:: Problem details ::
Omit the pictures, then reproduce exactly the line bearing "Blue Agate Silver Toggle Necklace" and every line after it up to and including the last line of the entries below.

:: Collected data ::
- - - -

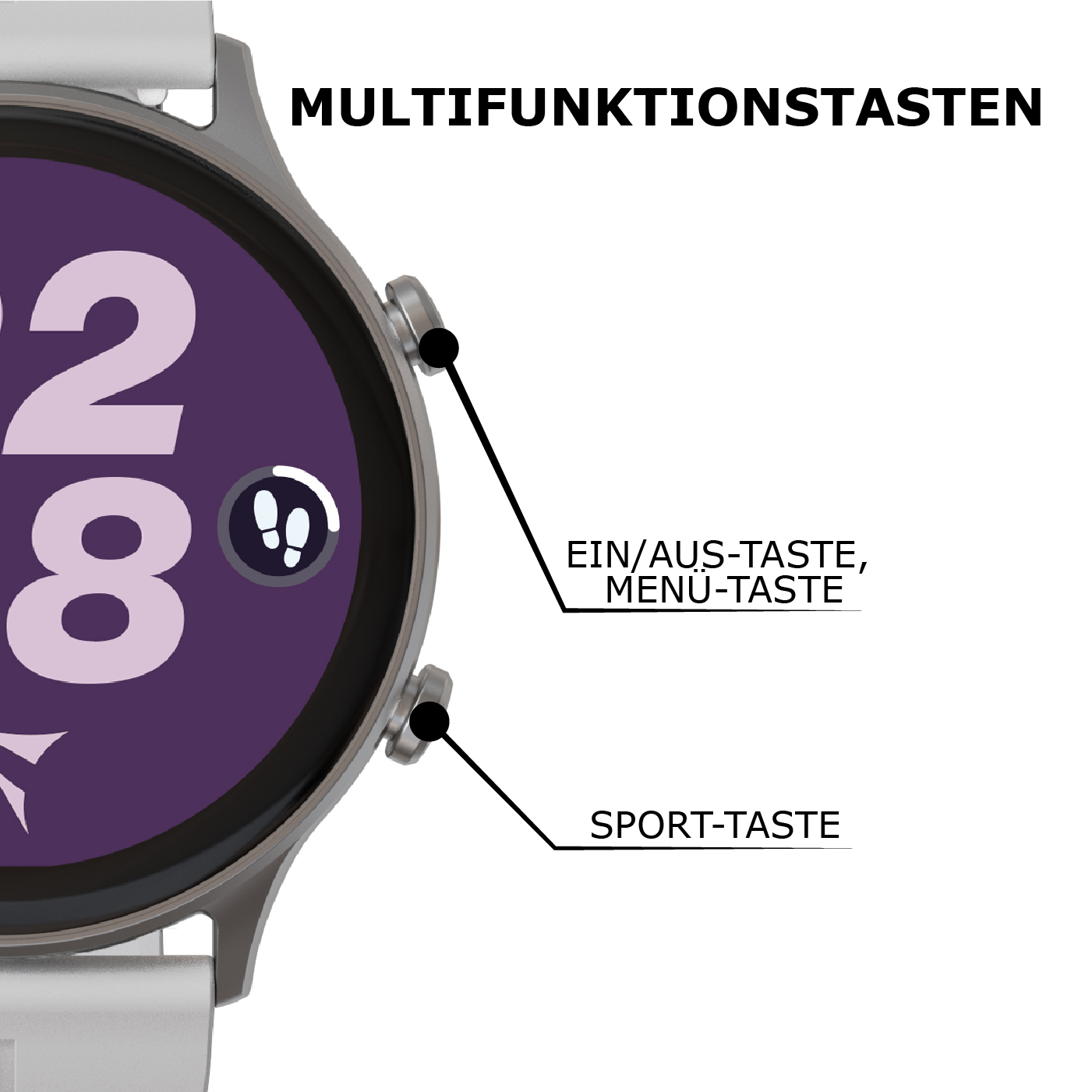 Smartwatch mit lila Zifferblatt, Ziffern 2 und 8, und zwei Tasten.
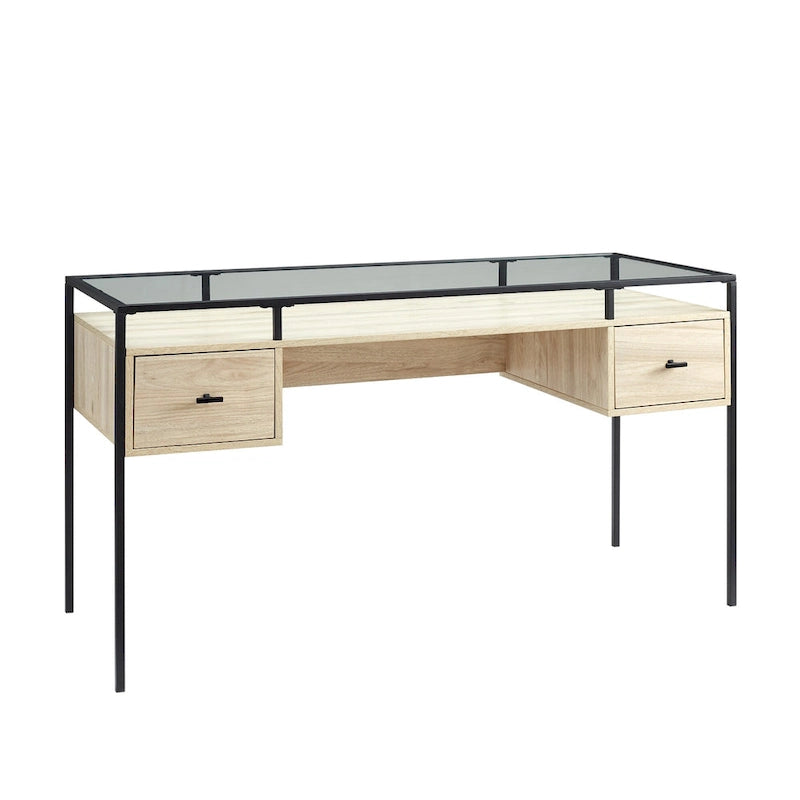 56-Zoll-Schreibtisch mit Glasplatte, 2 Schubladen und Metallgestell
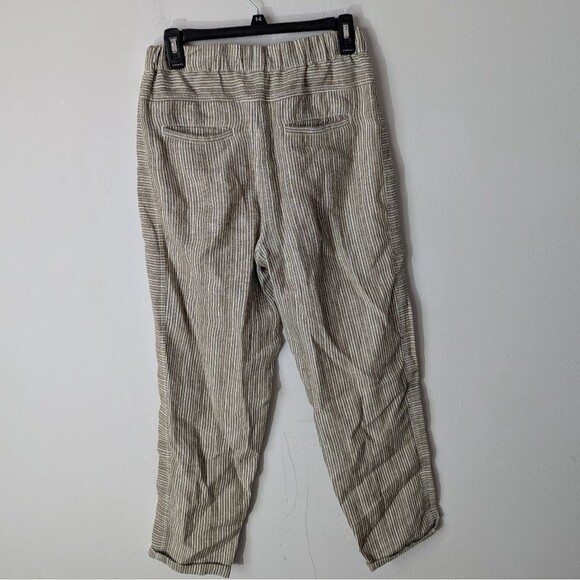 Anthropologie Linen Striped Tapered Leg Straight Leg Coastal Lagenlook Pants - Picture 3 of 7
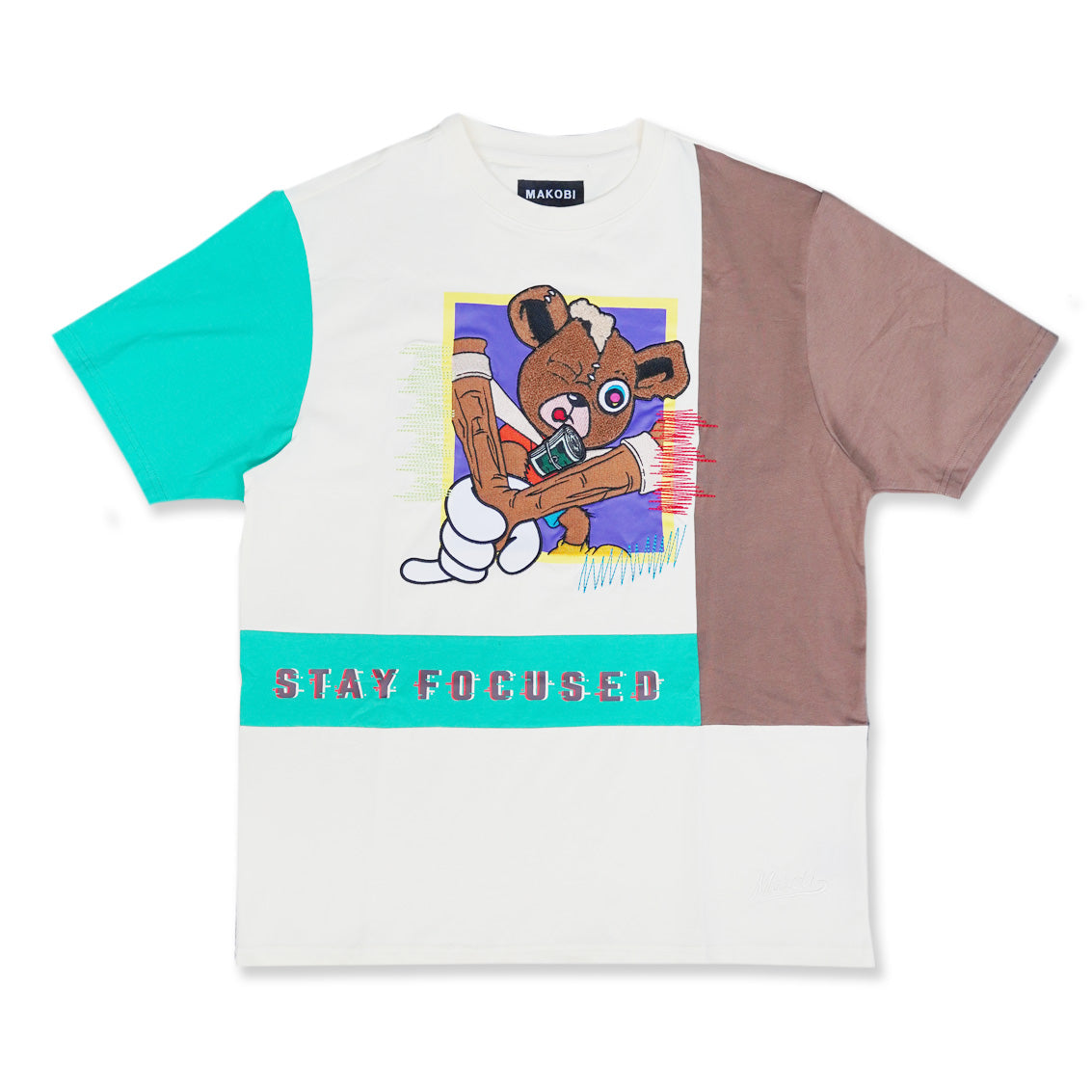 Makobi Stay Focused Tee in Natural, product photo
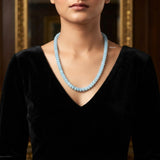 Blue Agate Silver Toggle Necklace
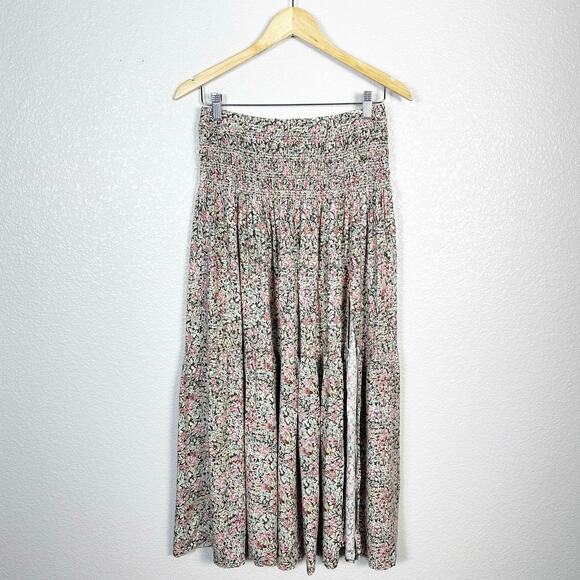 Natural Life Womens Angelina Floral Print Smocked Waist Front Slit Midi Skirt M - Picture 1 of 8
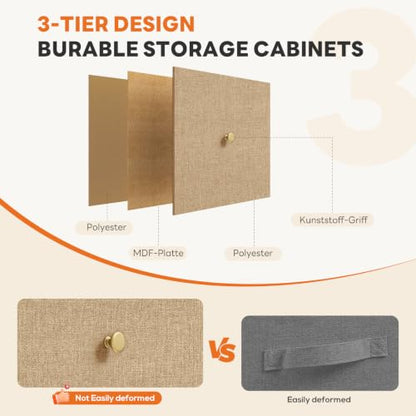 7 Drawer Dresser for Bedroom Storage with Fabric Bins, Khaki, view 7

- - - -

:: Response area ::
 Blue Agate Silver Toggle Necklace
 Natural Life Womens Angelina Floral Print Smocked Waist Front Slit Midi Skirt M - Picture 1 of 8
 7 Drawer Dresser for Bedroom Storage with Fabric Bins, Khaki, view 7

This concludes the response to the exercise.